#### Work task
In this exercise, print only the lines from the line with "Street view of" to the last line of the data below, inclusive. Any pictures should be left out.

#### Given information
──────────
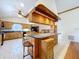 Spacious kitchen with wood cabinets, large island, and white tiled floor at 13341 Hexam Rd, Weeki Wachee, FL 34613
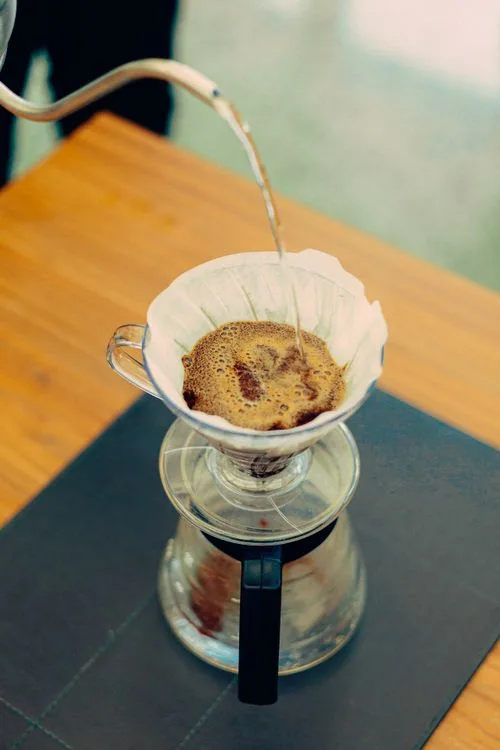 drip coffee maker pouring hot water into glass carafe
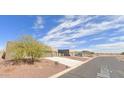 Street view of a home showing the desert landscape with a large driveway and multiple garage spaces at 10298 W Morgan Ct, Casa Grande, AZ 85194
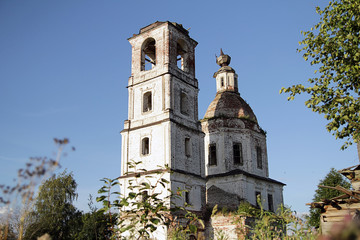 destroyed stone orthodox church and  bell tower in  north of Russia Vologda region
──────────
#### Result
 Street view of a home showing the desert landscape with a large driveway and multiple garage spaces at 10298 W Morgan Ct, Casa Grande, AZ 85194
 destroyed stone orthodox church and  bell tower in  north of Russia Vologda region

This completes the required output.